# Work item
Whatever precedes the line containing "Ridge, New York, 11961, United" is not copied; that line and every line after it through the final one below are copied exactly, except pictures.
──────── Collected material
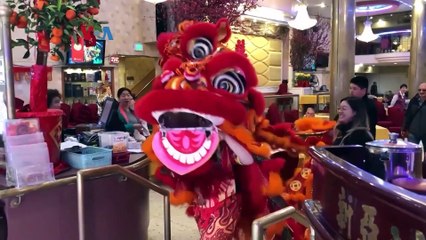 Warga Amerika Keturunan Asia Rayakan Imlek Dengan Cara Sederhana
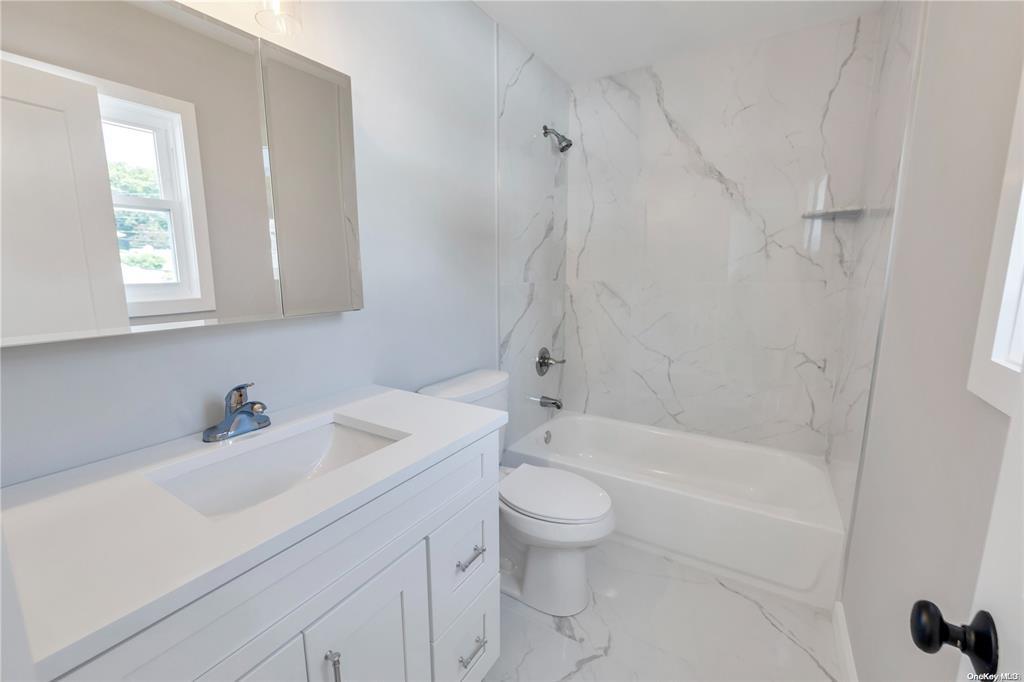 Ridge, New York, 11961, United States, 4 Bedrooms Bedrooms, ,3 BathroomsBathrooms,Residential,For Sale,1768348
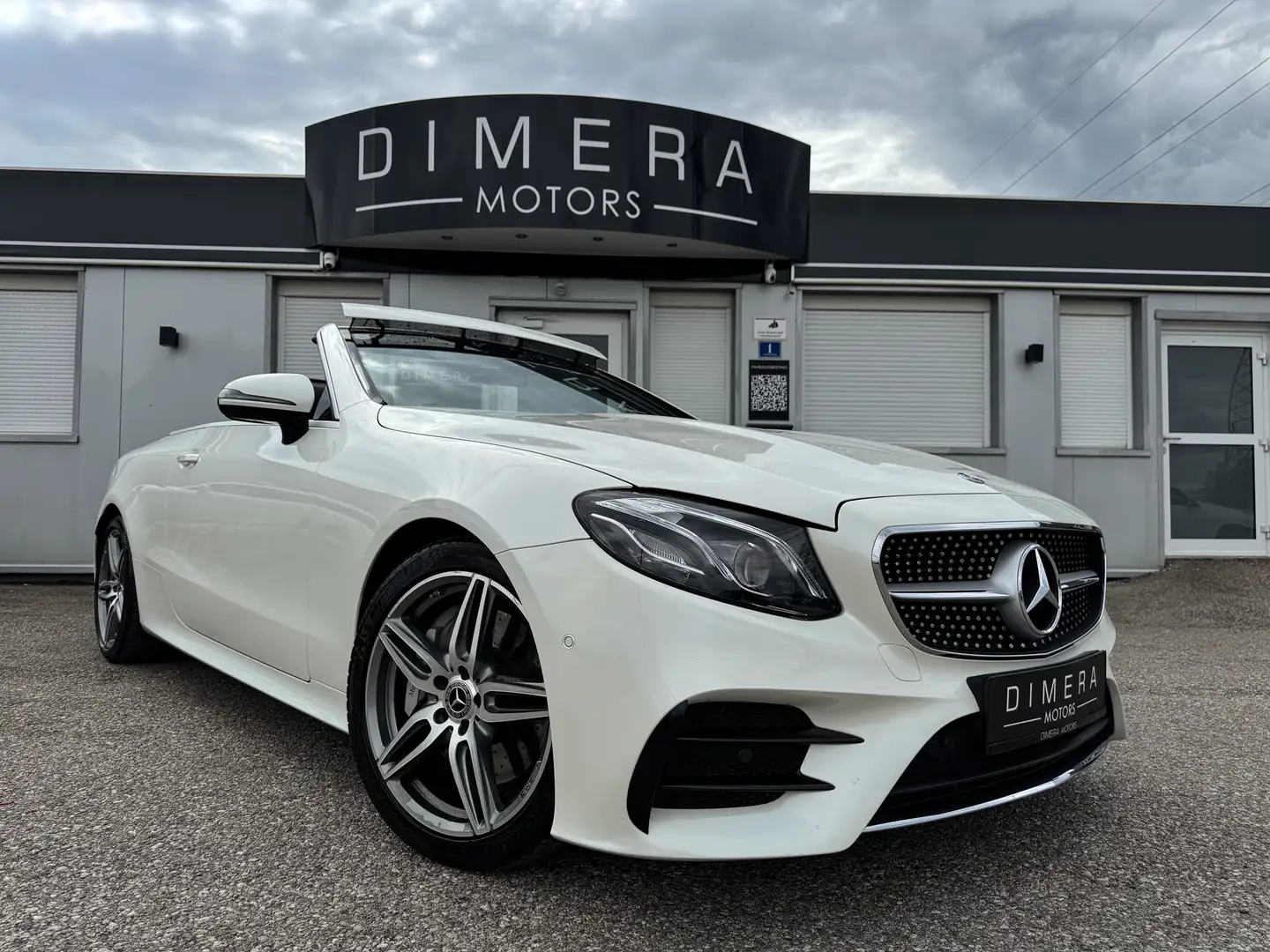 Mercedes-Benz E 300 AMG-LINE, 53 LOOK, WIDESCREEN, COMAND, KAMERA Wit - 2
────────────────
# Exercise solution
 Ridge, New York, 11961, United States, 4 Bedrooms Bedrooms, ,3 BathroomsBathrooms,Residential,For Sale,1768348
 Mercedes-Benz E 300 AMG-LINE, 53 LOOK, WIDESCREEN, COMAND, KAMERA Wit - 2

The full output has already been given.